Читаем За пределами ведомых нам полей полностью

Надежда на неистребимость идеалов Круглого Стола сталкивается с мрачной языческой цикличностью (именно языческой: Теннисон не раз подчеркивает, что Камелоту противостоят дохристианские силы, хотя вскользь поминаемые эльфы отнюдь не зловредны). Рефреном проходит пророчество Мерлина о судьбе Артура – да и человека вообще: «Из бездны в бездну переходит он». Теннисоновский Камелот существует вне исторического времени, но одновременно и внутри него: Круглый Стол бессмертен, как бессмертен и Белый Конь на меловых холмах – тот самый конь, который в «Идиллиях» является символом саксов, врагов Артура.

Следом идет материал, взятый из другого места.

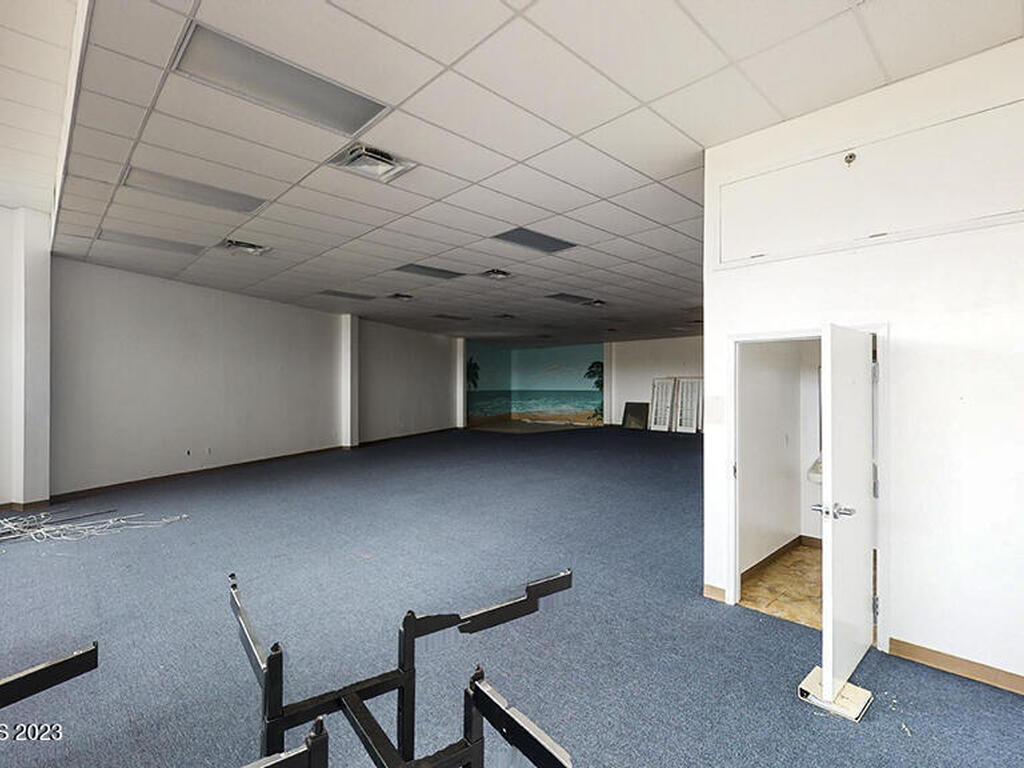 5240 N Atlantic Avenue, Cocoa Beach, FL 32931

Смена эпох и народов, череда времен года – залог непрочности идеального мира; но в этой цикличности есть и надежда. Артур погибает в конце декабря: умирает и возрождается солнце, уходит старый год, и приходит новый, король удаляется в былое и явится в грядущем.

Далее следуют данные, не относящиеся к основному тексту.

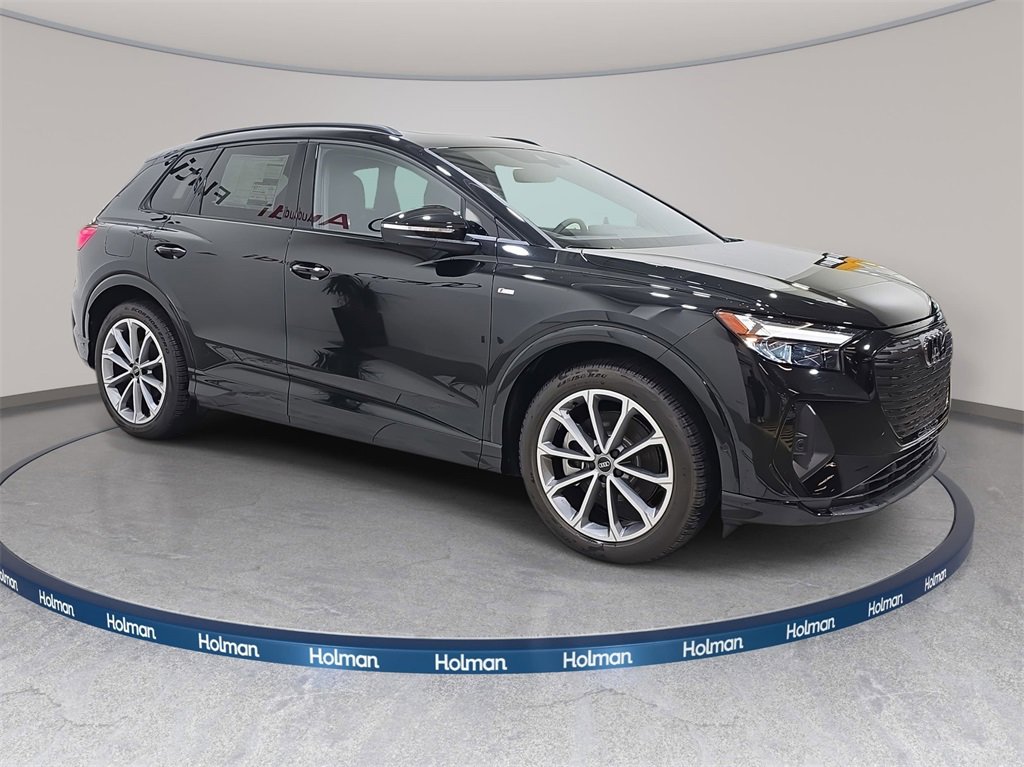 New 2026 Audi Q4 e-tron Premium Plus image 4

…Бедивер со скалы видит корабль, увозящий Артура на Авалон,

И тут из дальней дали еле слышно –

Уже как будто из другого мира –

Последним эхом горестных рыданий

Вдруг звуки донеслись, как если б некий

Чудесный город встретил ликованьем

С войны вернувшегося государя.

Тогда, сойдя с уступа, Бедивер

Взошел на верх скалы и вновь увидел,

Из-под ладони напряженно глядя

(А может, показалось, что увидел),

Песчинку, что Артура уносила

Все дальше по бескрайнему простору,

Все мельче с каждым мигом становилась

И, наконец, пропала в свете солнца,

Приведшего с собою новый год.

Ладья, плывущая на Заокраинный Запад, – образ древнейший; но кажется мне, что Толкин, завершая «Властелина Колец», помнил и «Королевские Идиллии». Можно найти и другие параллели – скажем, дарующие надежду звезды, которые сэр Борс видит в темнице, а Сэм – в Кирит-Унголе. Но сходство между двумя великими книгами лежит глубже. Теннисон прекрасно понимал, как создать мир, не описывая его полностью. Многие ключевые моменты традиционной артурианы поэт упоминает мельком, рассказывает о них устами героев, вспоминает как о давно прошедшем или грядущем. Мир, стоящий за текстом, шире и глубже, чем сам текст. Но уж то, что Теннисон описывает, является перед нами во всех подробностях, будь то Камелдот или дикий лес, убежище Мерлина или туманное поле последней битвы.

…а затем

Со слугами своими в Камелот

Вошел – в сей город сумрачных дворцов,

Великолепных, драгоценных фресок

И статуй древних королей, которым

Теперь навеки оставаться камнем…

– и это лишь малая толика тех грандиозных картин, то неподвижных, то живых, которые показывает зачарованному читателю Теннисон. Они, в конечном счете, и остаются в памяти.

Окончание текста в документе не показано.